The Easel

21st April 2020

Mortality and the Old Masters

Once museums re-open, will we see our favourite works in the same way? Will we still resonate to the “soulful heft” of Old Masters works, made when pandemics were a constant worry? “I’m interested by an abrupt shift in my attitude toward [Velazquez’ Las Meninas. It] suddenly casts a shadow of … death and disaster. There would never be another moment in the Spanish court so radiant—or a painting, anywhere, so good”.

The art world goes virtual

Galleries are getting serious about online. New offerings – exhibition walk-throughs, restricted access sales, even robot led tours – are all being tried. One gallerist expects smaller art fairs to be hit but change might be broader than that. Says another gallerist “I don’t believe [the gallery] model will cease to exist but the scale on which we were all operating may well.” A sample of current online shows is here.

So you mean it’s not so repulsive after all?

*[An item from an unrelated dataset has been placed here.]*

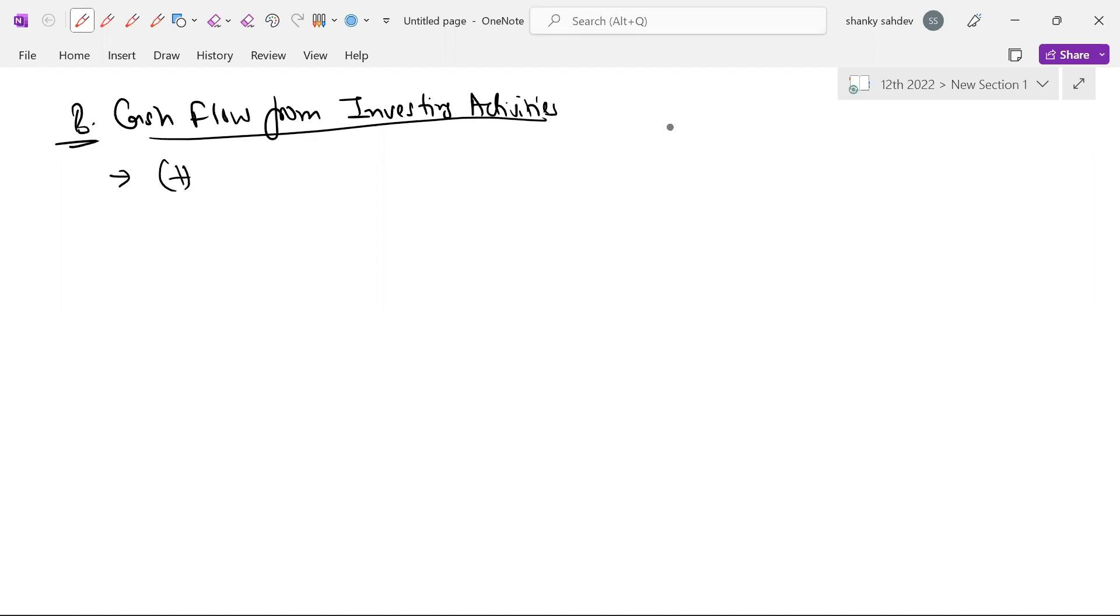So cash flows plus or cash flows minus. So what do you do? That is sale of activities which are considered.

Museums in financial trouble sometimes sell items from their collections. Problem – it upsets people. Now that many museums are worried about survival, surely more will do so. Long standing opponents to this practice are bowing to the inevitable. One observer, noting the current dire circumstances, says “the notion of a “public good” has become nothing but academic and journalistic fodder.“

14th April 2020

Art is a collective experience. It’s also a deeply private one

Gallery openings and art fairs offer collective enjoyment of art. Now this is off limits there is an opportunity to focus on “pleasures we cultivate in isolation”. One part of this is awareness of our “isolation and smallness in a grandly scaled universe”. This “fundamentally private” insight can be learned in a crowd “but you can also learn it alone, and there’s no time like the present”.

The Dizzying Experience of Visiting Virtual Museums

Humorous stumblings around Google Arts & Culture during lockdown. “If you press a single arrow key long enough, you can set a gallery to spinning like a top. [In] the Uffizi in Florence, I kept having a problem centering myself, so I would slam into windows like a confused bird. Still, if you accept that a Google Arts & Culture tour is nothing like walking through a museum, it has its own strange pleasures.”